Search code examples
phpstringtruncatemultibyte

Truncate a multibyte String to n chars


I am trying to get this method in a String Filter working:

public function truncate($string, $chars = 50, $terminator = ' …');

I'd expect this

$in  = "abcdefghijklmnopqrstuvwxyzABCDEFGHIJKLMNOPQRSTUVWYXZ1234567890";
$out = "abcdefghijklmnopqrstuvwxyzABCDEFGHIJKLMNOPQRSTUV …";

and also this

$in  = "âãäåæçèéêëìíîïðñòóôõö÷øùúûüýþÿĀāĂ㥹ĆćĈĉĊċČčĎďĐđĒēĔĕĖėĘęĚěĜĝ";
$out = "âãäåæçèéêëìíîïðñòóôõö÷øùúûüýþÿĀāĂ㥹ĆćĈĉĊċČčĎďĐđ …";

That is $chars minus the chars of the $terminator string.

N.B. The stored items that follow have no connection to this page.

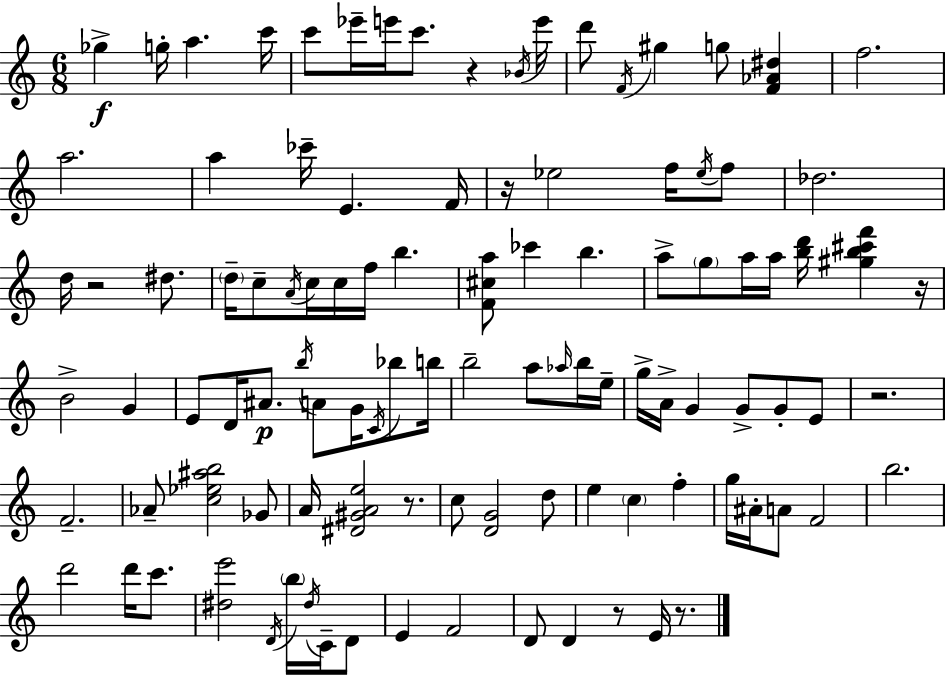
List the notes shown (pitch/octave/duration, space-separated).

Gb5/q G5/s A5/q. C6/s C6/e Eb6/s E6/s C6/e. R/q Bb4/s E6/s D6/e F4/s G#5/q G5/e [F4,Ab4,D#5]/q F5/h. A5/h. A5/q CES6/s E4/q. F4/s R/s Eb5/h F5/s Eb5/s F5/e Db5/h. D5/s R/h D#5/e. D5/s C5/e A4/s C5/s C5/s F5/s B5/q. [F4,C#5,A5]/e CES6/q B5/q. A5/e G5/e A5/s A5/s [B5,D6]/s [G#5,B5,C#6,F6]/q R/s B4/h G4/q E4/e D4/s A#4/e. B5/s A4/e G4/s C4/s Bb5/e B5/s B5/h A5/e Ab5/s B5/s E5/s G5/s A4/s G4/q G4/e G4/e E4/e R/h. F4/h. Ab4/e [C5,Eb5,A#5,B5]/h Gb4/e A4/s [D#4,G#4,A4,E5]/h R/e. C5/e [D4,G4]/h D5/e E5/q C5/q F5/q G5/s A#4/s A4/e F4/h B5/h. D6/h D6/s C6/e. [D#5,E6]/h D4/s B5/s D#5/s C4/s D4/e E4/q F4/h D4/e D4/q R/e E4/s R/e. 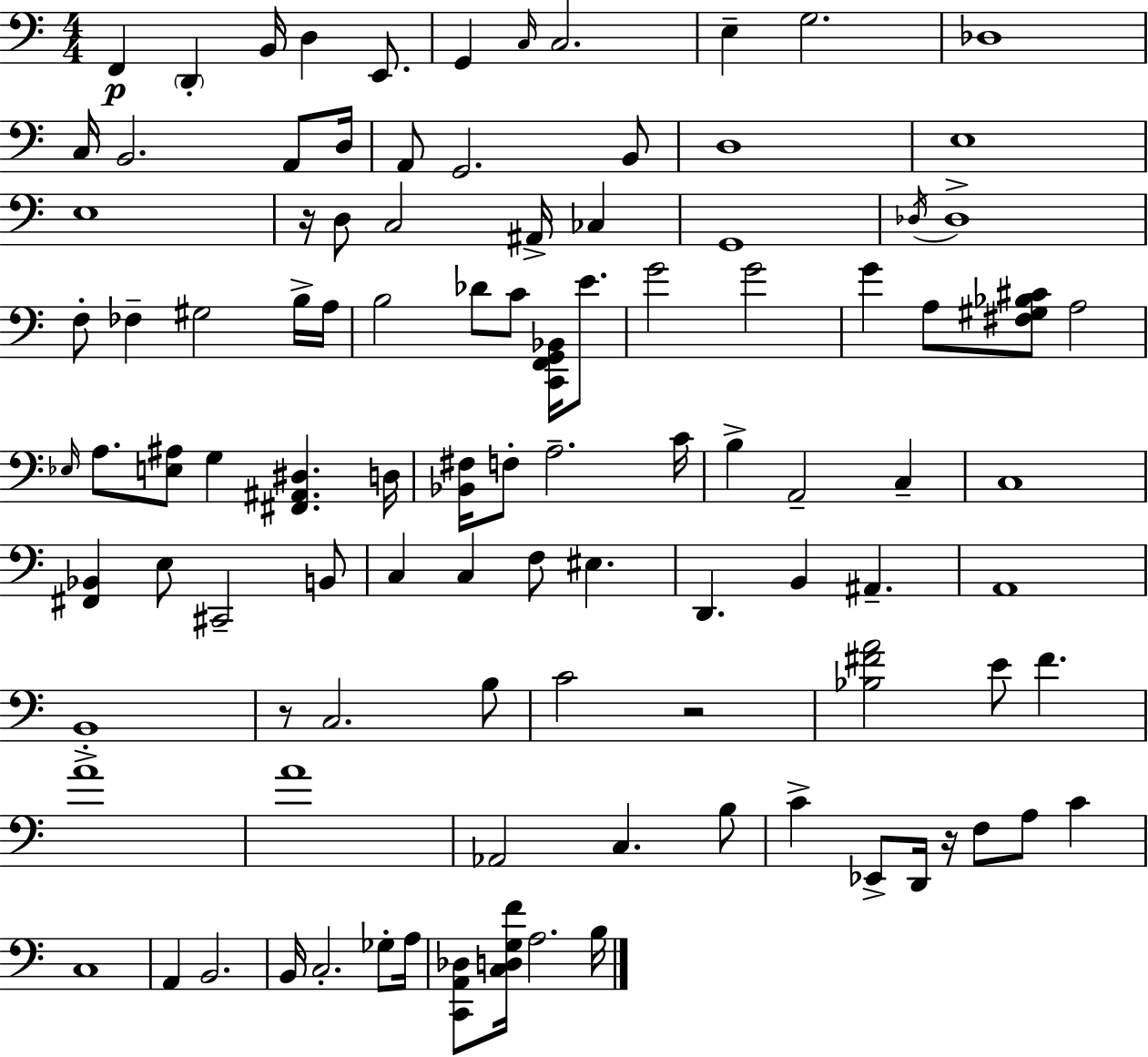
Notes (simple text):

F2/q D2/q B2/s D3/q E2/e. G2/q C3/s C3/h. E3/q G3/h. Db3/w C3/s B2/h. A2/e D3/s A2/e G2/h. B2/e D3/w E3/w E3/w R/s D3/e C3/h A#2/s CES3/q G2/w Db3/s Db3/w F3/e FES3/q G#3/h B3/s A3/s B3/h Db4/e C4/e [C2,F2,G2,Bb2]/s E4/e. G4/h G4/h G4/q A3/e [F#3,G#3,Bb3,C#4]/e A3/h Eb3/s A3/e. [E3,A#3]/e G3/q [F#2,A#2,D#3]/q. D3/s [Bb2,F#3]/s F3/e A3/h. C4/s B3/q A2/h C3/q C3/w [F#2,Bb2]/q E3/e C#2/h B2/e C3/q C3/q F3/e EIS3/q. D2/q. B2/q A#2/q. A2/w B2/w R/e C3/h. B3/e C4/h R/h [Bb3,F#4,A4]/h E4/e F#4/q. A4/w A4/w Ab2/h C3/q. B3/e C4/q Eb2/e D2/s R/s F3/e A3/e C4/q C3/w A2/q B2/h. B2/s C3/h. Gb3/e A3/s [C2,A2,Db3]/e [C3,D3,G3,F4]/s A3/h. B3/s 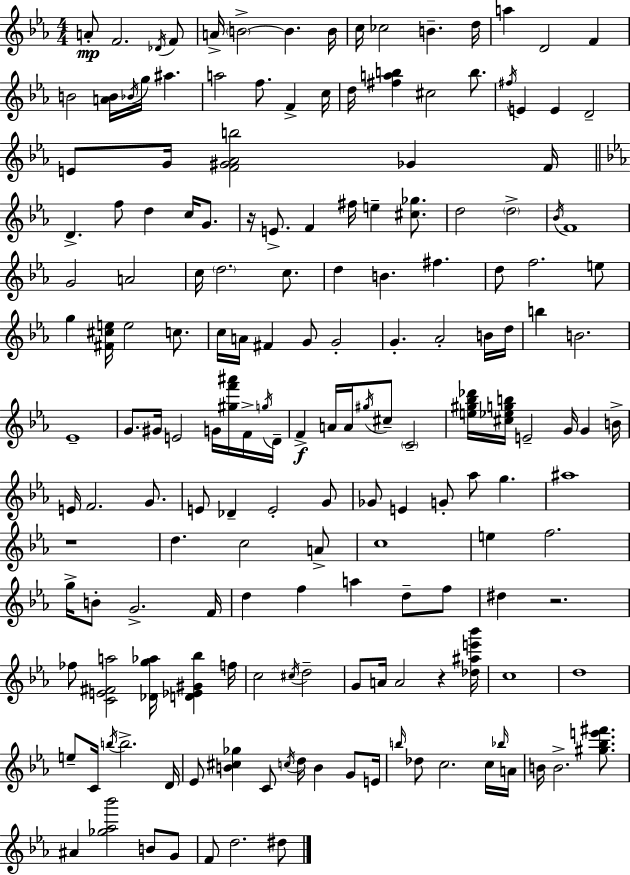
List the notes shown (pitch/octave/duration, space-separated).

A4/e F4/h. Db4/s F4/e A4/s B4/h B4/q. B4/s C5/s CES5/h B4/q. D5/s A5/q D4/h F4/q B4/h [A4,B4]/s Bb4/s G5/s A#5/q. A5/h F5/e. F4/q C5/s D5/s [F#5,A5,B5]/q C#5/h B5/e. F#5/s E4/q E4/q D4/h E4/e G4/s [F4,G#4,Ab4,B5]/h Gb4/q F4/s D4/q. F5/e D5/q C5/s G4/e. R/s E4/e. F4/q F#5/s E5/q [C#5,Gb5]/e. D5/h D5/h Bb4/s F4/w G4/h A4/h C5/s D5/h. C5/e. D5/q B4/q. F#5/q. D5/e F5/h. E5/e G5/q [F#4,C#5,E5]/s E5/h C5/e. C5/s A4/s F#4/q G4/e G4/h G4/q. Ab4/h B4/s D5/s B5/q B4/h. Eb4/w G4/e. G#4/s E4/h G4/s [G#5,F6,A#6]/s F4/s G5/s D4/s F4/q A4/s A4/s G#5/s C#5/e C4/h [E5,G#5,Bb5,Db6]/s [C#5,Eb5,G5,B5]/s E4/h G4/s G4/q B4/s E4/s F4/h. G4/e. E4/e Db4/q E4/h G4/e Gb4/e E4/q G4/e Ab5/e G5/q. A#5/w R/w D5/q. C5/h A4/e C5/w E5/q F5/h. G5/s B4/e G4/h. F4/s D5/q F5/q A5/q D5/e F5/e D#5/q R/h. FES5/e [C4,E4,F#4,A5]/h [Db4,G5,Ab5]/s [D4,Eb4,G#4,Bb5]/q F5/s C5/h C#5/s D5/h G4/e A4/s A4/h R/q [Db5,A#5,E6,Bb6]/s C5/w D5/w E5/e C4/s B5/s B5/h. D4/s Eb4/e [B4,C#5,Gb5]/q C4/e C5/s D5/s B4/q G4/e E4/s B5/s Db5/e C5/h. C5/s Bb5/s A4/s B4/s B4/h. [G#5,Bb5,E6,F#6]/e. A#4/q [Gb5,Ab5,Bb6]/h B4/e G4/e F4/e D5/h. D#5/e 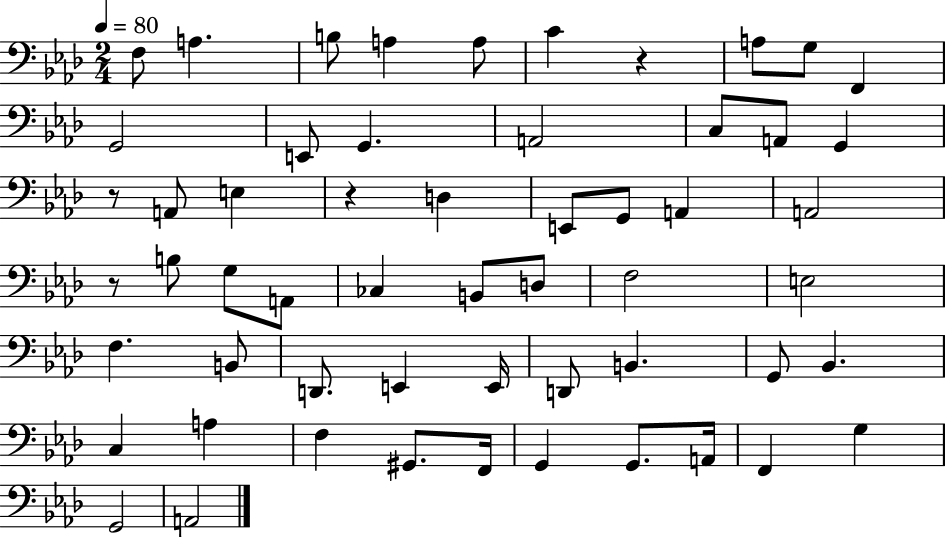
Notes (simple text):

F3/e A3/q. B3/e A3/q A3/e C4/q R/q A3/e G3/e F2/q G2/h E2/e G2/q. A2/h C3/e A2/e G2/q R/e A2/e E3/q R/q D3/q E2/e G2/e A2/q A2/h R/e B3/e G3/e A2/e CES3/q B2/e D3/e F3/h E3/h F3/q. B2/e D2/e. E2/q E2/s D2/e B2/q. G2/e Bb2/q. C3/q A3/q F3/q G#2/e. F2/s G2/q G2/e. A2/s F2/q G3/q G2/h A2/h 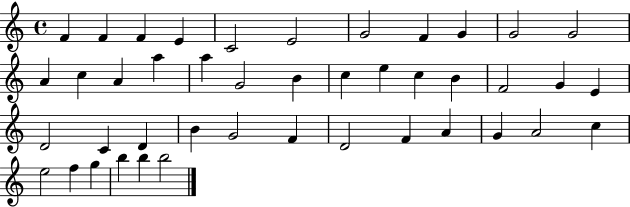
{
  \clef treble
  \time 4/4
  \defaultTimeSignature
  \key c \major
  f'4 f'4 f'4 e'4 | c'2 e'2 | g'2 f'4 g'4 | g'2 g'2 | \break a'4 c''4 a'4 a''4 | a''4 g'2 b'4 | c''4 e''4 c''4 b'4 | f'2 g'4 e'4 | \break d'2 c'4 d'4 | b'4 g'2 f'4 | d'2 f'4 a'4 | g'4 a'2 c''4 | \break e''2 f''4 g''4 | b''4 b''4 b''2 | \bar "|."
} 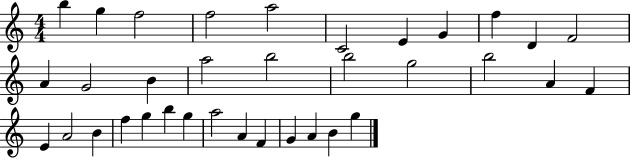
X:1
T:Untitled
M:4/4
L:1/4
K:C
b g f2 f2 a2 C2 E G f D F2 A G2 B a2 b2 b2 g2 b2 A F E A2 B f g b g a2 A F G A B g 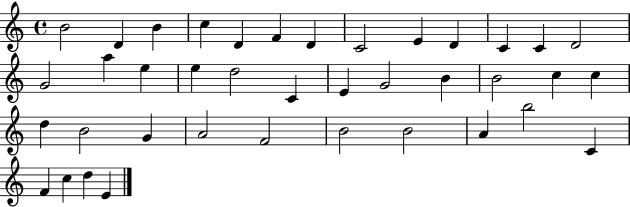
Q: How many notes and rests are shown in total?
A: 39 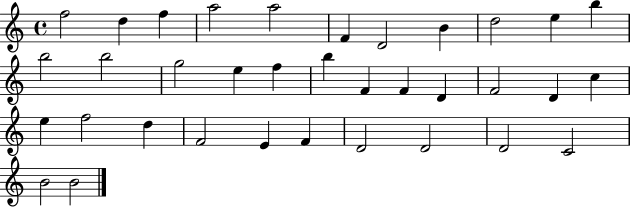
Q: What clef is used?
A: treble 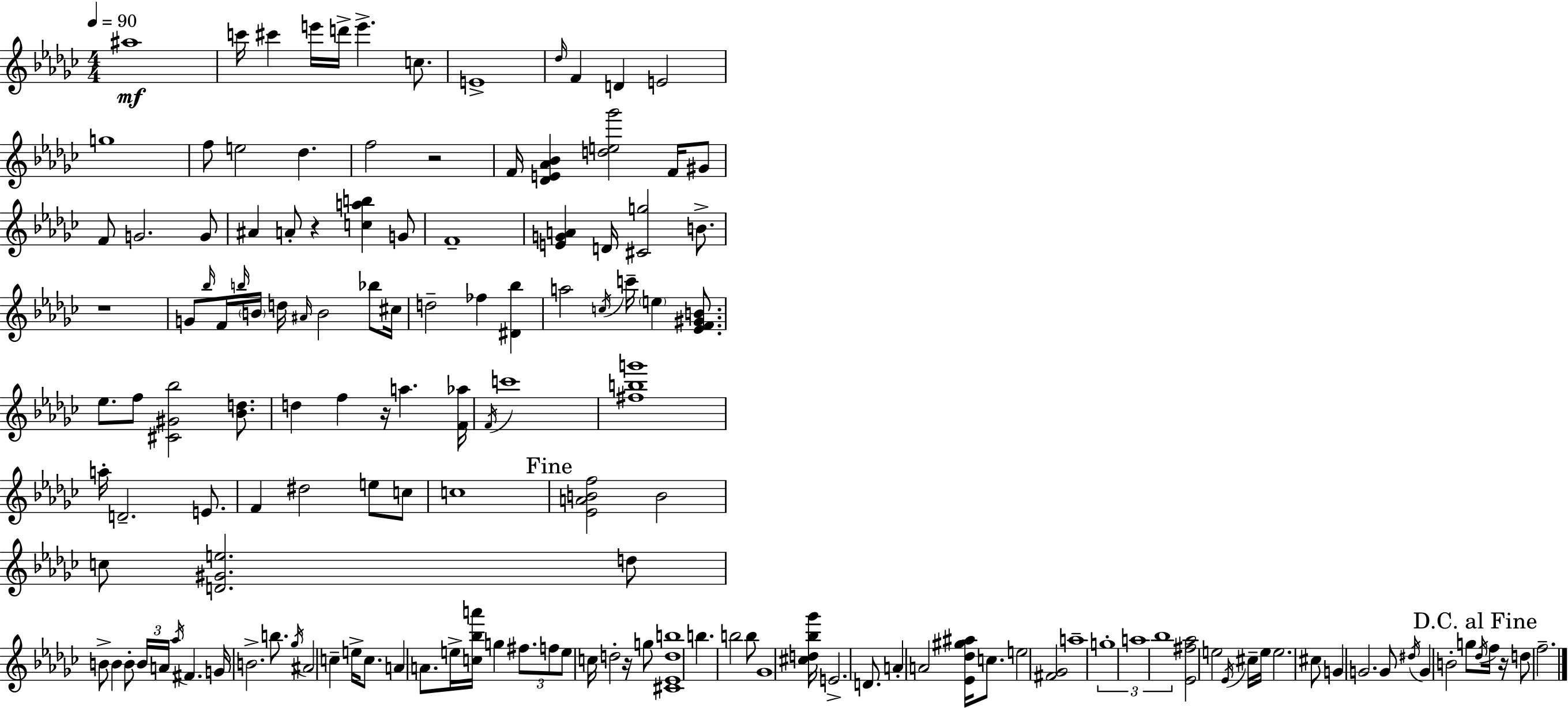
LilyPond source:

{
  \clef treble
  \numericTimeSignature
  \time 4/4
  \key ees \minor
  \tempo 4 = 90
  ais''1\mf | c'''16 cis'''4 e'''16 d'''16-> e'''4.-> c''8. | e'1-> | \grace { des''16 } f'4 d'4 e'2 | \break g''1 | f''8 e''2 des''4. | f''2 r2 | f'16 <des' e' aes' bes'>4 <d'' e'' ges'''>2 f'16 gis'8 | \break f'8 g'2. g'8 | ais'4 a'8-. r4 <c'' a'' b''>4 g'8 | f'1-- | <e' g' a'>4 d'16 <cis' g''>2 b'8.-> | \break r1 | g'8 \grace { bes''16 } f'16 \grace { b''16 } \parenthesize b'16 d''16 \grace { ais'16 } b'2 | bes''8 cis''16 d''2-- fes''4 | <dis' bes''>4 a''2 \acciaccatura { c''16 } c'''16-- \parenthesize e''4 | \break <ees' f' gis' b'>8. ees''8. f''8 <cis' gis' bes''>2 | <bes' d''>8. d''4 f''4 r16 a''4. | <f' aes''>16 \acciaccatura { f'16 } c'''1 | <fis'' b'' g'''>1 | \break a''16-. d'2.-- | e'8. f'4 dis''2 | e''8 c''8 c''1 | \mark "Fine" <ees' a' b' f''>2 b'2 | \break c''8 <d' gis' e''>2. | d''8 b'8-> b'4 b'8-. \tuplet 3/2 { b'16 a'16 | \acciaccatura { aes''16 } } fis'4. g'16 b'2.-> | b''8. \acciaccatura { ges''16 } ais'2 | \break c''4-- e''16-> c''8. a'4 a'8. e''16-> | <c'' bes'' a'''>16 g''4 \tuplet 3/2 { fis''8. f''8 e''8 } c''16 d''2-. | r16 g''8 <cis' ees' d'' b''>1 | b''4. b''2 | \break b''8 ges'1 | <cis'' d'' bes'' ges'''>16 e'2.-> | d'8. a'4-. a'2 | <ees' des'' gis'' ais''>16 c''8. e''2 | \break <fis' ges'>2 a''1-- | \tuplet 3/2 { g''1-. | a''1 | bes''1 } | \break <ees' fis'' aes''>2 | e''2 \acciaccatura { ees'16 } cis''16-- e''16 e''2. | cis''8 g'4 g'2. | g'8 \acciaccatura { dis''16 } g'4 | \break b'2-. g''8 \mark "D.C. al Fine" \acciaccatura { des''16 } f''16 r16 d''8 f''2.-- | \bar "|."
} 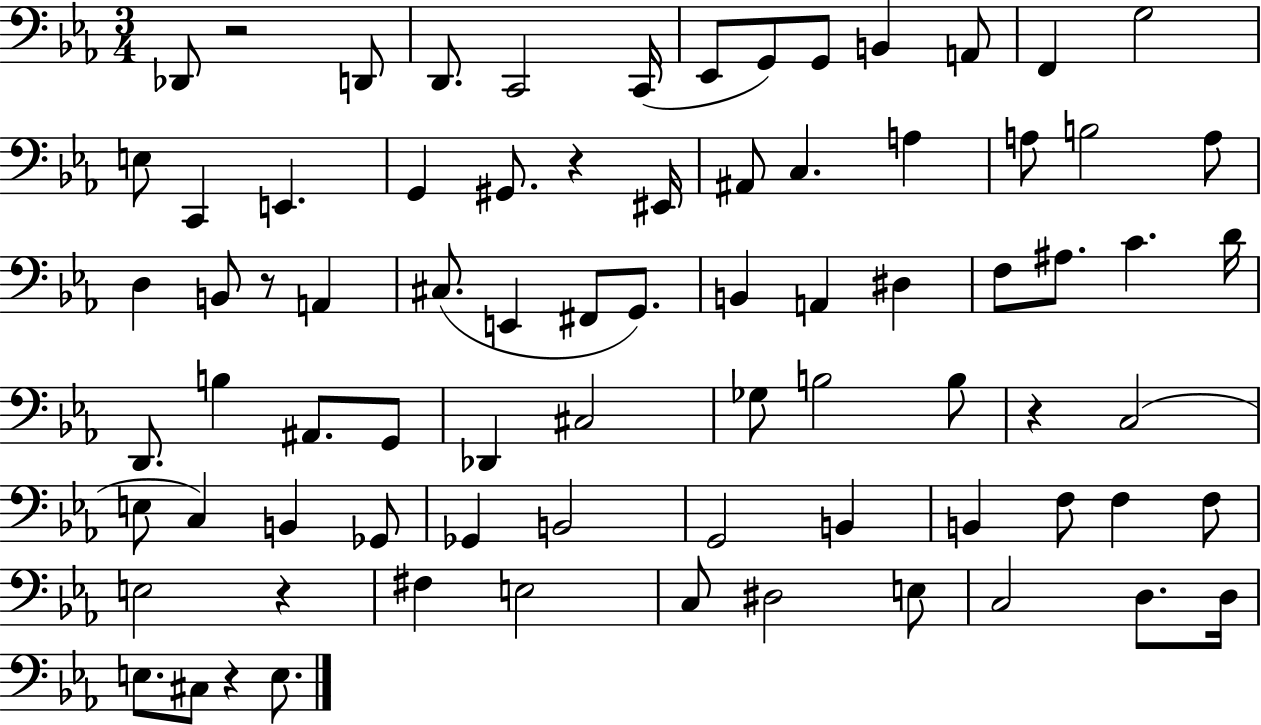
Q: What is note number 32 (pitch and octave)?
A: B2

In addition, the filter is supposed to cut at the first word boundary below the $chars limit, e.g.

$in  = "Answer to the Ultimate Question of Life, the Universe, and Everything.";
$out = "Answer to the Ultimate Question of Life, the …";

I am pretty certain this should work with these steps

  • substract amount of chars in terminator from maximum chars
  • validate that string is longer than the calculated limit or return it unaltered
  • find the last space character in string below calculated limit to get word boundary
  • cut string at last space or calculated limit if no last space is found
  • append terminator to string
  • return string

However, I have tried various combinations of str* and mb_* functions now, but all yielded wrong results. This can't be so difficult, so I am obviously missing something. Would someone share a working implementation for this or point me to a resource where I can finally understand how to do it.

Thanks

P.S. Yes, I have checked https://stackoverflow.com/search?q=truncate+string+php before :)


Solution

  • Try this:

    function truncate($string, $chars = 50, $terminator = ' …') {
        $cutPos = $chars - mb_strlen($terminator);
        $boundaryPos = mb_strrpos(mb_substr($string, 0, mb_strpos($string, ' ', $cutPos)), ' ');
        return mb_substr($string, 0, $boundaryPos === false ? $cutPos : $boundaryPos) . $terminator;
    }
    

    But you need to make sure that your internal encoding is properly set.